The court, citing the value of having the Trump name on the property, went with the latter plan, and the casinos got to use the Ivanka and Donald Trump brand and likeness free of royalties. Sort of.
“No payments were made to the Trump Parties during 2010 under the Trademark Licence Agreement nor were any payments made to Mr. Trump under the previous trademark licence agreement during 2009 or 2010,” the company said in government documents in 2011.
Fool me twice
The reality of the Trumps’ arrangement with the casino was a little bit more complicated than that. The casino ended up spending a ton of money on Trump products, including about a quarter of a million dollars for Trump-branded water in both 2009 and 2010, filings show. Those payments, however, went to third-party vendors — to whoever it is that gets a cut of that particular piece of the Trump brand — and through them into the Trump universe.
From the filing:
“In the normal course of business, we engage in various transactions with other entities owned by the Trump Parties. We engaged in the following transactions: $US47,000 and $US79,000 for leasing certain office space in Trump Tower in Manhattan during 2010 and 2009, respectively; $US3,000 and $US77,000 for the periodic use of Mr. Trump’s aeroplane and golf courses to entertain high-end customers during 2010 and 2009, respectively; and $US33,000 in helicopter lease payments during 2010.

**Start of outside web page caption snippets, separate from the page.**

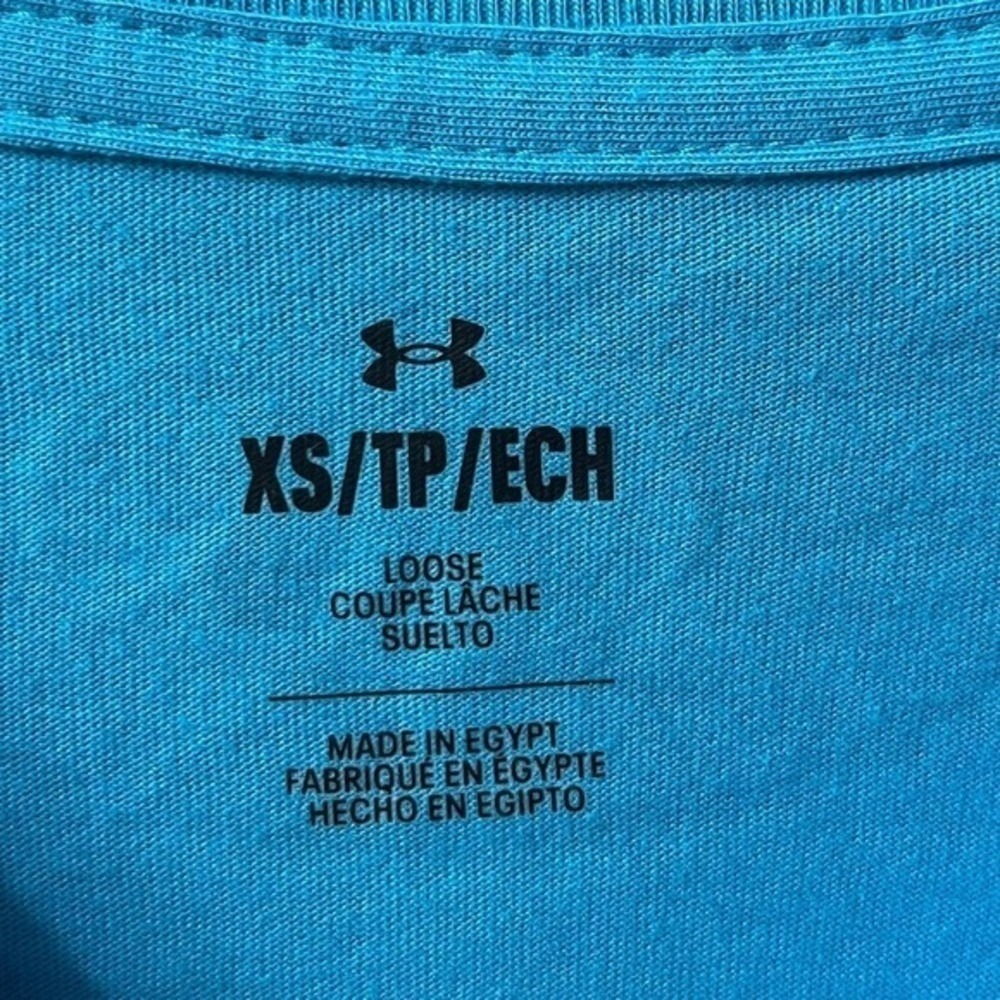 Under Armour Short Sleeve Loose Fit Chest Logo T Shirt Mens XS Blue NWT - Picture 7 of 11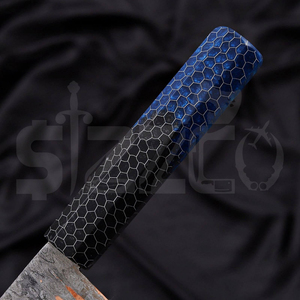 OEM Custom Copper Damascus Steel Brisket Slicing Knife Handmade <b>BBQ</b> Meat Carving Chef Knife Honeycomb Resin Handle Ideal Gift - Product Image 3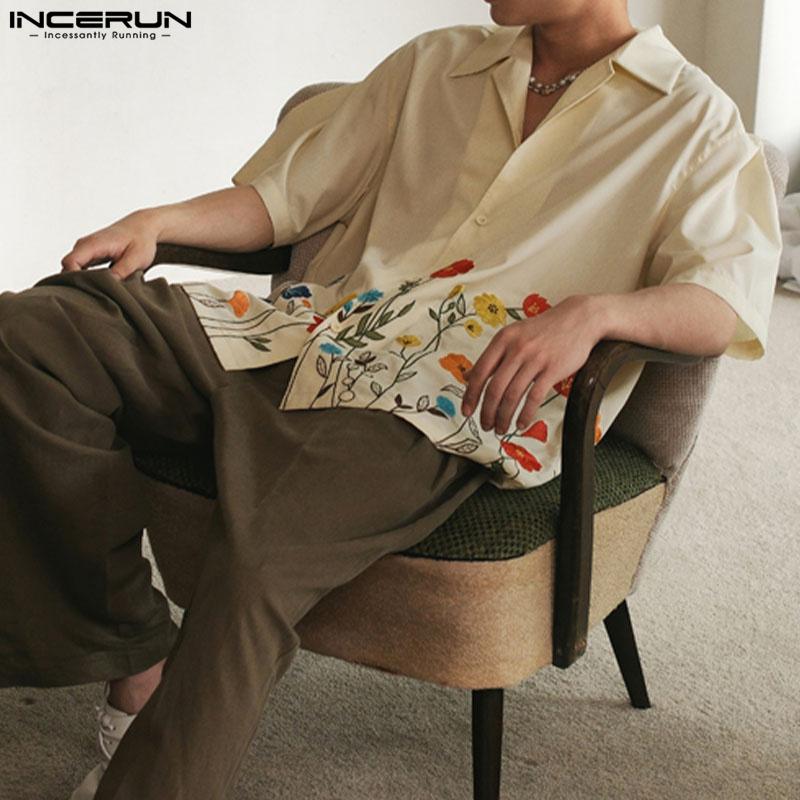 INCERUN Summer Print Men Short Sleeves Holiday Casual Loose Shirts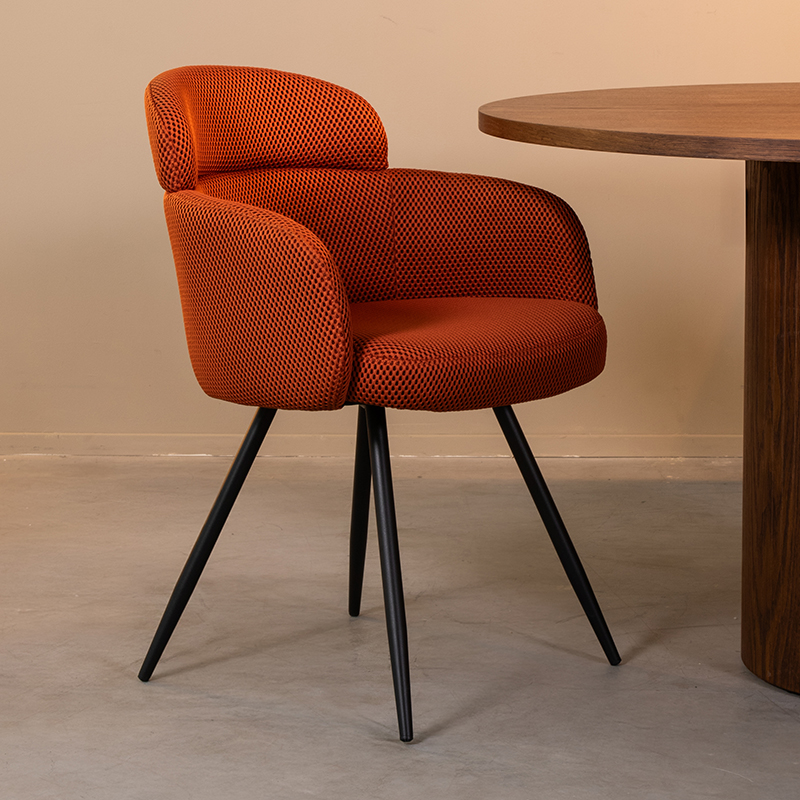 Eetkamerstoel Dinner - Rust - Breathe - Zwart Metalen Frame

“Additionally, in the ordinary course of business during 2010 and 2009, we purchased from third party vendors $US405,000 and $US500,000, respectively, of Trump labelled merchandise, including $US271,000 and $US277,000, respectively, for Trump Ice bottled water served to our customers. While we do not directly pay royalties on such merchandise to Mr. Trump, he may be entitled to royalties from these third party vendors.”
Trump Entertainment Resorts was not long for this world after that. Again sidled with debt and unable to make ends meet, the casinos went back into bankruptcy a few years later. In 2015, the Trumps sued to have their name taken off the casinos. They argued that the fact that the casinos had fallen into “disrepair” was a violation of the licensing agreement.
“The Trump name … has become synonymous with the highest levels of quality, luxury, prestige, and success,” the Trumps argued in their complaint.
This time, a judge disagreed with them. The Trumps lost that case, and the name stayed. The Trump Taj Mahal eventually ended up in Icahn’s hands after the 2015 bankruptcy process, and the Trumps lost their 10% stake.
That’s how you bankrupt a casino twice.